MW: For relations, that’s exactly right. But functions are special. ¬Y(a,b)=h is equivalent to ∃k(k≠h ∧ Y(a,b)=k), so if Y(a,b)=h is Σ1 then its negation is also Σ1. In other words, if Y(a,b)=h is Σ1, then it’s Δ1.
(c) is a technicality. Finally, (d) says that Y(a,b) gets bigger (or at least not smaller) if we move a to the left and b to the right. As a trivial consequence, Y(a,b) is monotonically increasing as a function of b when we hold a fixed. So our picture isn’t misleading.
If Y(b) is monotonically increasing, then F(h) = μb(Y(b)≥h) is strictly increasing (so far as it’s defined). Also we have (restoring the implicit argument a)
F(a,h)≤b ⇔ h≤Y(a,b).
BS: Ok, this is all making perfect sense.

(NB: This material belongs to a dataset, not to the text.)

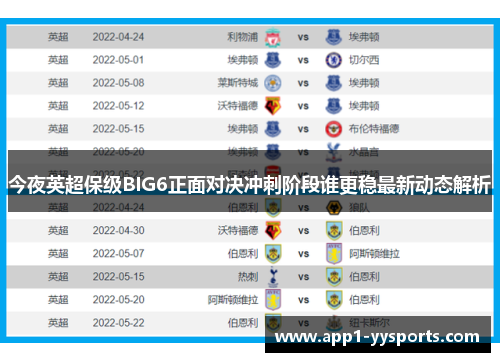今夜英超保级BIG6正面对决冲刺阶段谁更稳最新动态解析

MW: Here are two theorems about well-behaved indicators for “is a model of PA”:
- For each n∈ℕ, PA ⊢ ∀a∃!b F(a,n)=b.
- Not [ PA ⊢ ∀h∀a∃!b F(a,h)=b ].
Loosely speaking, F(a,h) increases so fast (as a function of h) that PA can’t prove it’s defined for all h. In ℕ, F is recursive but not provably recursive.
BS: Ok—it’s at least plausible to me that a property like that is very related to what you’d need to prove your cut I “extends far enough” to be a model of PA—since certainly it has to be closed under all provably recursive functions.
MW: Yes. That’s the key idea to proving (2). Or rather the contrapositive. If we can find a model of PA with elements a and h such that F(a,h) is undefined, then we can’t have PA⊢∀h∀a∃!bF(a,h)=b.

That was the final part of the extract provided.